Liebe Celebboard-Gemeinde,

freue mich, euch hier alle zu treffen - nennt mich einfach *severink*.
Das es sich hier natürlich nicht um ein Bundesliga-Forum (Heribert läßt grüßen ) handelt, habe ich schon gemerkt. Es ist erstaunlich wieviel Fleiß hier einige Mitglieder an den Tag legen - goßes Lob. Nachdem ich mich nach meiner Anmeldung ein paar Tage "umgeshen" habe, hier mein "erster Beitrag". Werde versuchen, Eure Arbeit konstruktiv zu unterstützen.

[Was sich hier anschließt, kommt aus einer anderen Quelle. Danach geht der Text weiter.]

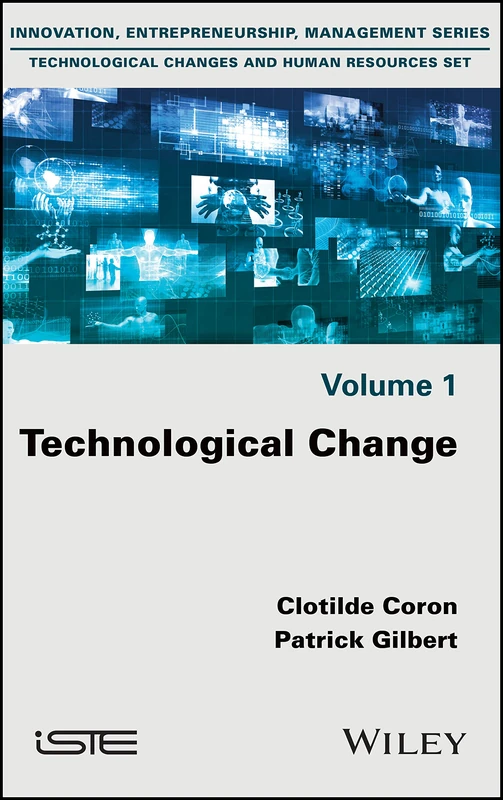 Technological Change (Innovation, Entrepreneurship, Management: Technological Changes and Human Resources Set, 1)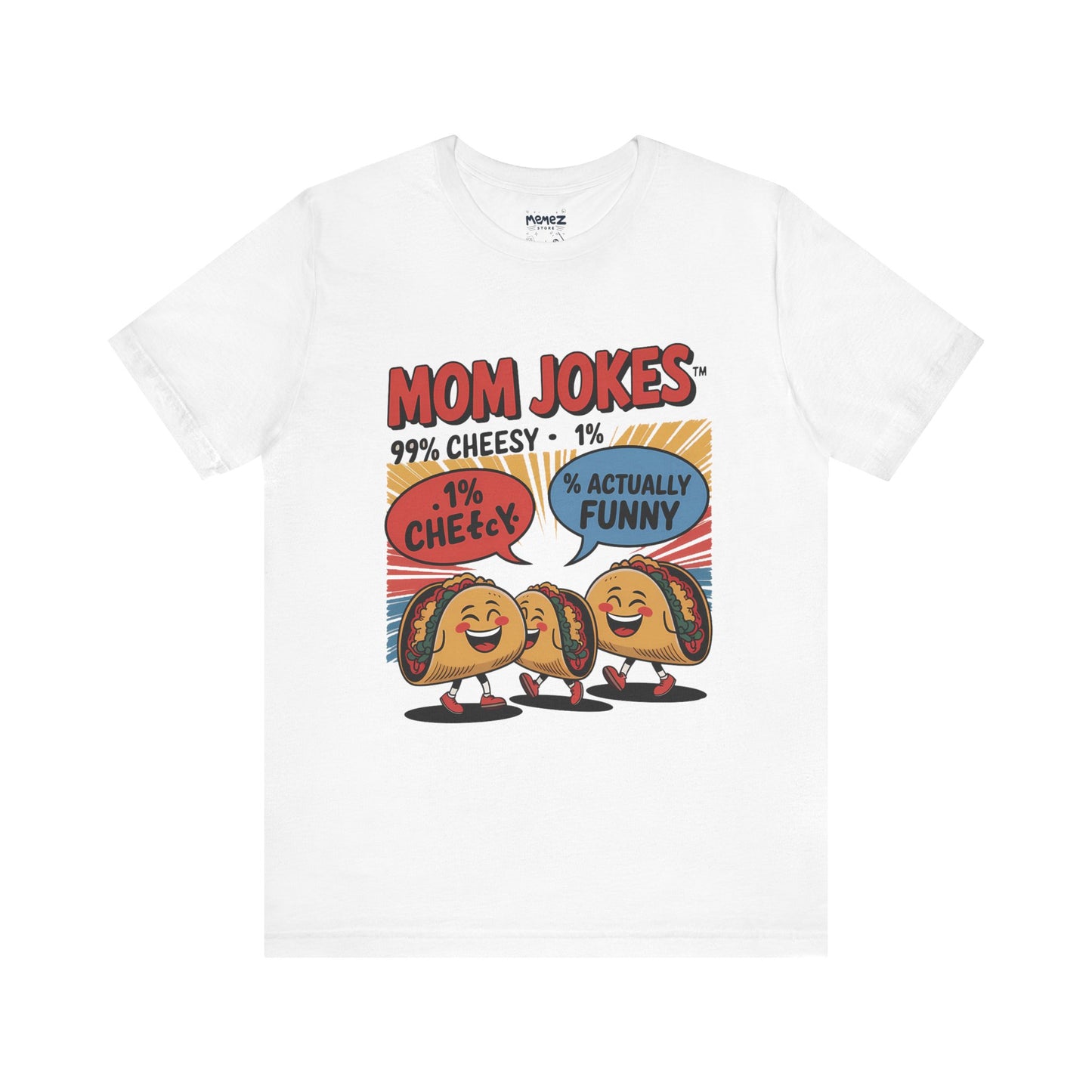 Mom Jokes Funny Meme Tee By Memez Store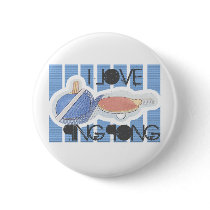 I Love Ping Pong Ping Pong Dude!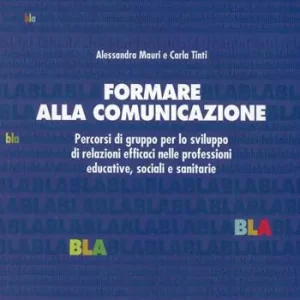 Nuova Collezione Formare alla comunicazione. Percorsi di gruppo per lo sviluppo di relazioni efficaci nelle professioni educative, sociali e sanitarie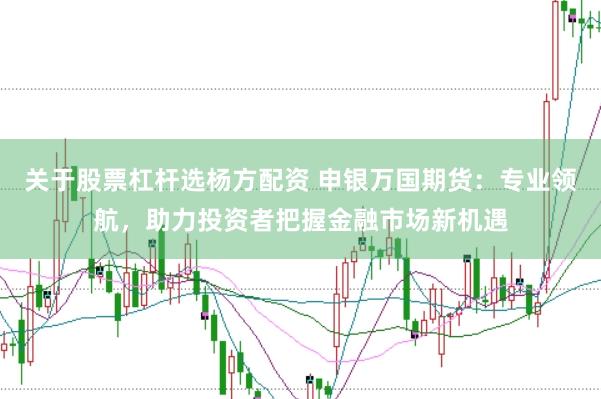 关于股票杠杆选杨方配资 申银万国期货：专业领航，助力投资者把握金融市场新机遇
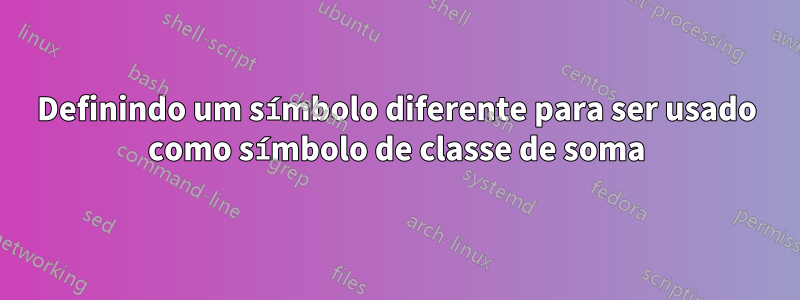 Definindo um símbolo diferente para ser usado como símbolo de classe de soma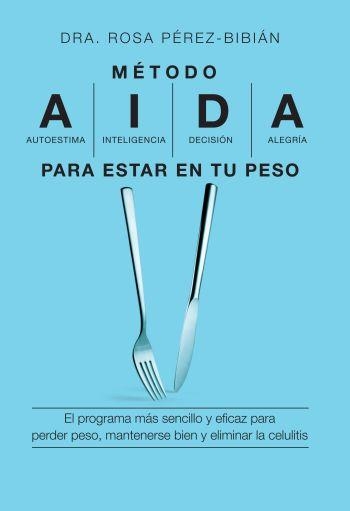 METODO AIDA PARA ESTAR EN TU PESO | 9788496599550 | PEREZ-BIBIAN, ROSA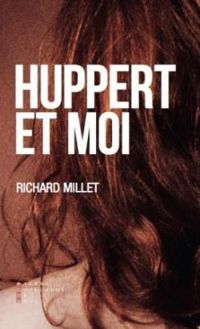 Couverture du livre Huppert et moi - Richard Millet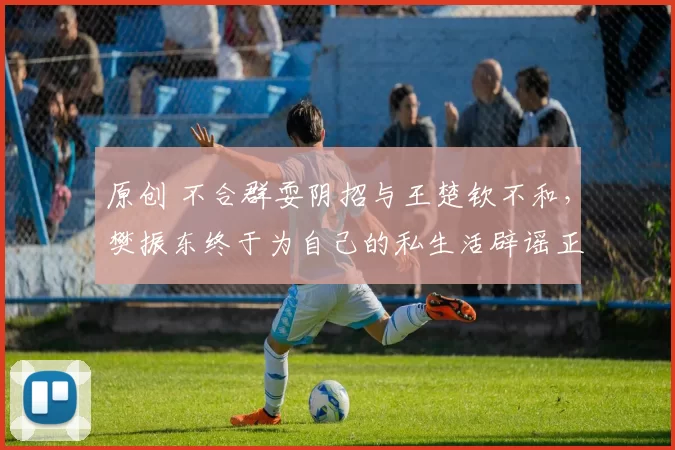 原创 不合群耍阴招与王楚钦不和，樊振东终于为自己的私生活辟谣正名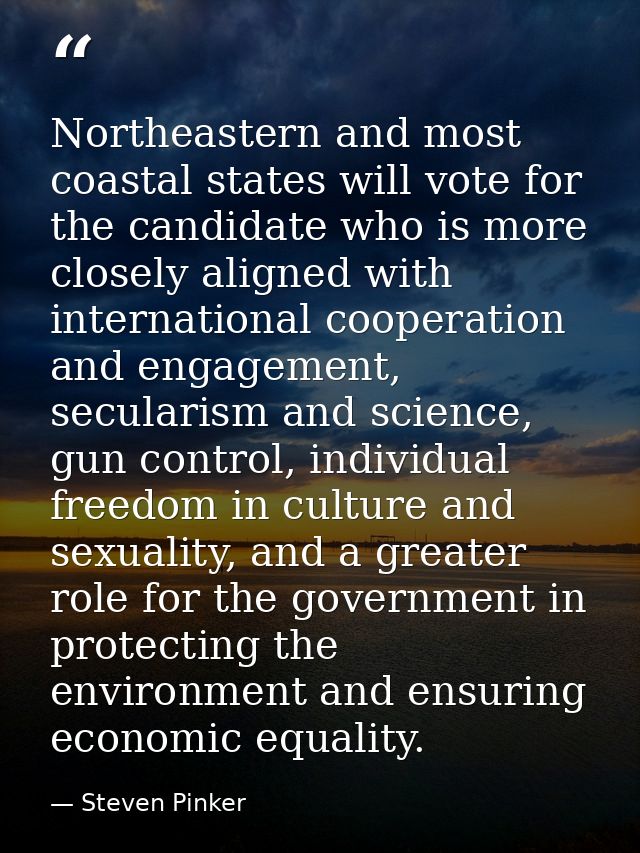 Northeastern and most coastal states will vote for the candidate who is more closely aligned with international cooperat — Steven Pinker
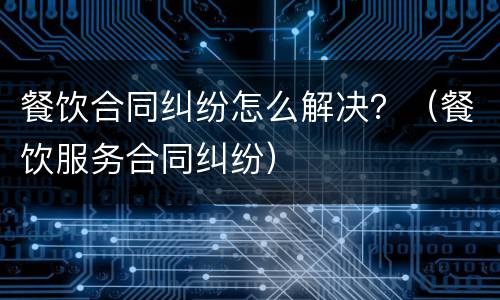 餐饮合同纠纷怎么解决？（餐饮服务合同纠纷）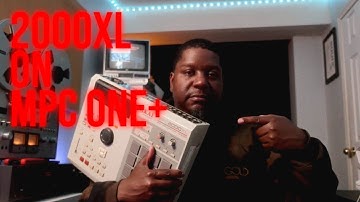 Bringing My Old MPC 2000XL Beats Back to Life on the MPC One+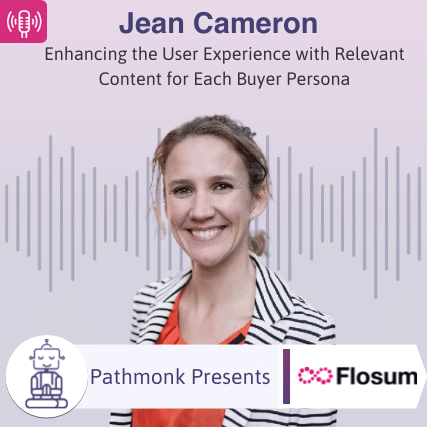 Enhancing the User Experience with Relevant Content for Each Buyer Persona Interview with Jean Cameron from Flosum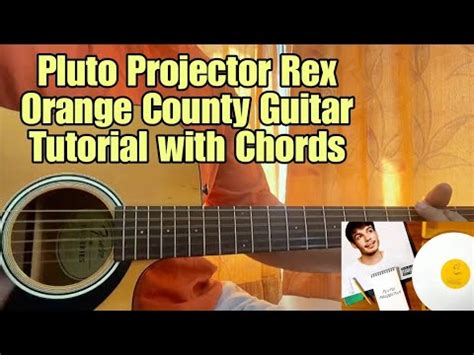 Pluto Projector Rex Orange County Guitar Tutorial With Chords Full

Also, auf gute Nachbarschaft - und:

Guten Abend Allerseits!


----------



## saviola (28 Juli 2008)

Herzlich Willkommen und viel Spass im Forum.


----------



## Tokko (28 Juli 2008)

Hey severink.

Herzlich Willkommen on Board.:thumbup:

Ich wünsche dir viel Spass bei uns und wir freuen uns über Unterstützung jeder Art.

Lieben Gruß.
Tokko


----------



## Buterfly (28 Juli 2008)

Herzlich willkommen auch von mir.

Und viel Spaß auf dem Board


----------



## Muli (28 Juli 2008)

Hallo severink,

danke für das Lob und deine nette Vorstellung hier!
Ich freue mich schon auf deine Beiträge und heiße dich herzlich Willkommen!

Nun bleibt mir nur noch dir viel Spaß zu wünschen, was ich hiermit tue!

VIEL SPAß AN BOARD :laola:


Muli


----------



## Katzun (29 Juli 2008)

herzlich willkommen und viel spaß wünsche ich


----------



## kaisicher (29 Juli 2008)

Da sag ich nur, Willkommen hier im Forum.


----------



## maierchen (30 Juli 2008)

Auch ein herzliches willkommen von mir!
Und viel Spaß hier an Board!:thumbup:


----------



## mark lutz (30 Juli 2008)

willkommen on bard und viel funn


----------